**Data provided:**
# # # # # # #
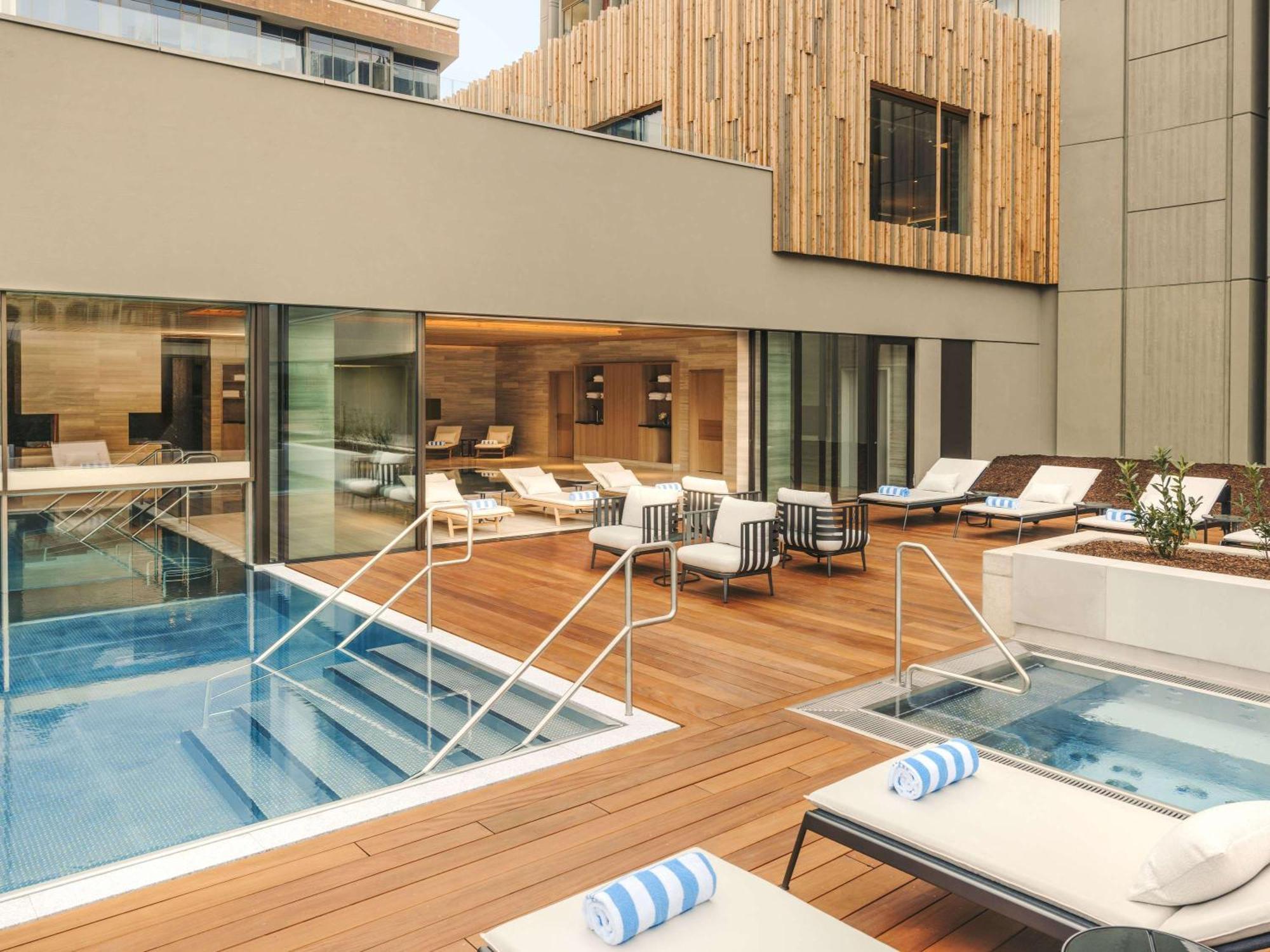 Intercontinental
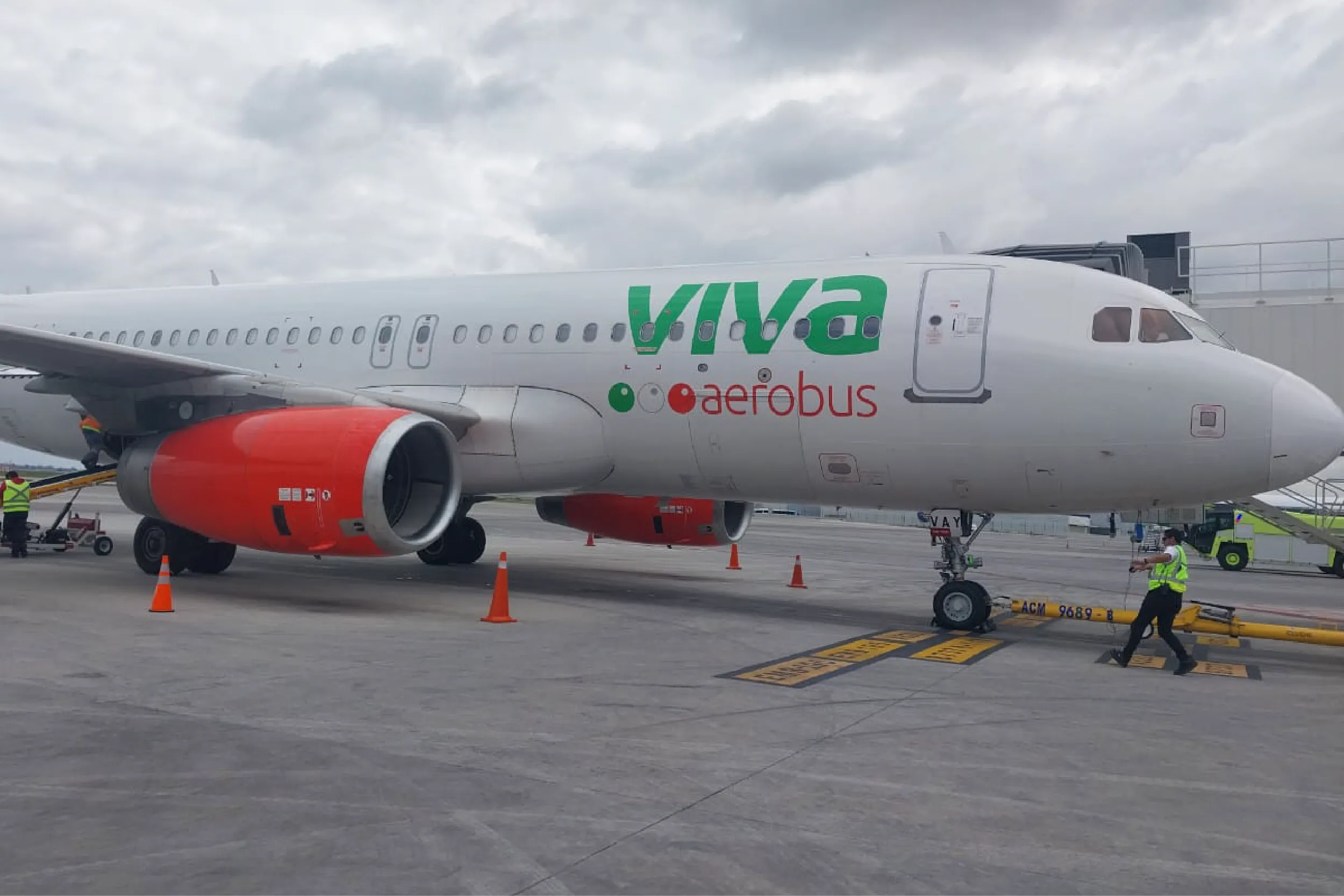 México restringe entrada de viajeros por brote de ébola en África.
# # # # # # #
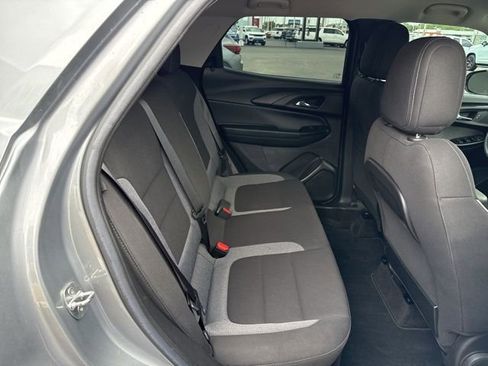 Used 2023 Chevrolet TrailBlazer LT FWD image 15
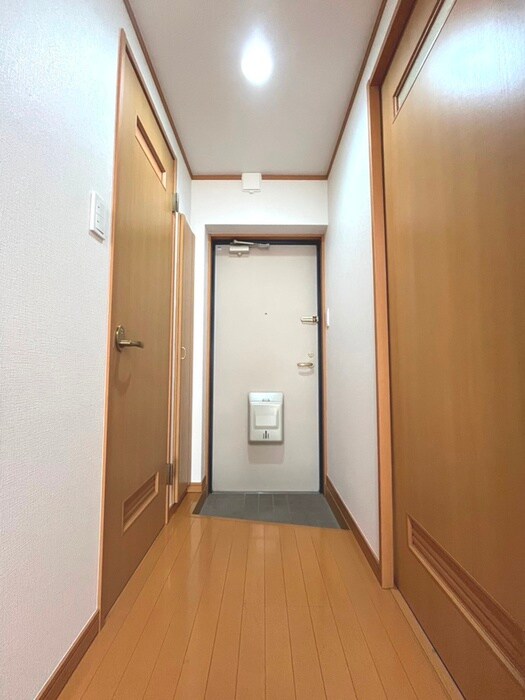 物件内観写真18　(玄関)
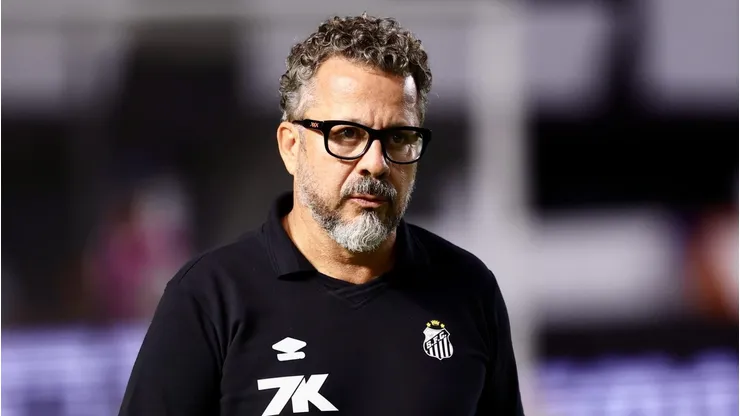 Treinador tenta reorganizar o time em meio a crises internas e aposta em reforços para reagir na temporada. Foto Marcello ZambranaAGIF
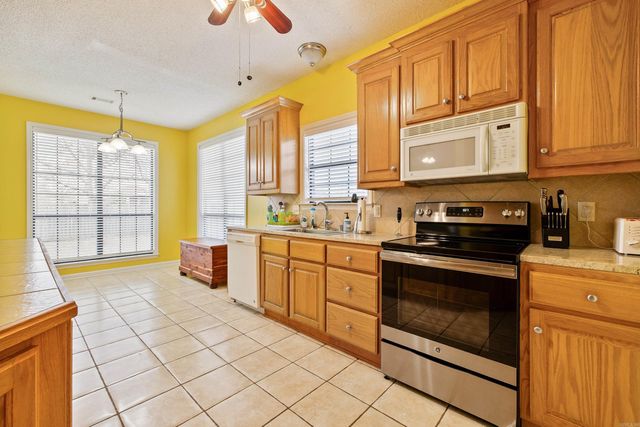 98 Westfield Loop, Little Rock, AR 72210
# # # # # # #
**Task description:**
Starting at the line containing "Treinador tenta reorganizar" and finishing at the line containing "98 Westfield Loop, Little Rock, AR 72210", return those lines exactly as they appear above, without the pictures.

**Result of the task:**
 Treinador tenta reorganizar o time em meio a crises internas e aposta em reforços para reagir na temporada. Foto Marcello ZambranaAGIF
 98 Westfield Loop, Little Rock, AR 72210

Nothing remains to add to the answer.